Instructions for the task. Transcribe exactly everything in the data below from the line containing "couple ayant amusement" down to the line containing "Devine, TX 78016", both lines included and nothing further.

Exercise data.

++++++

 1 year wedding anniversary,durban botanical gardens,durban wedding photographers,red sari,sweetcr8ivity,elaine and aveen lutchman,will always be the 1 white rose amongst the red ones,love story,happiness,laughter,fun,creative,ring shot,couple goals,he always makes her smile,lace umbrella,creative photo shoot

++++++

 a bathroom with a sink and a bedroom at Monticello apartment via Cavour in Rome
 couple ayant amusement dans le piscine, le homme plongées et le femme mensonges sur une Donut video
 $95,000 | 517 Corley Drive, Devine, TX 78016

++++++

Your solution.
 couple ayant amusement dans le piscine, le homme plongées et le femme mensonges sur une Donut video
 $95,000 | 517 Corley Drive, Devine, TX 78016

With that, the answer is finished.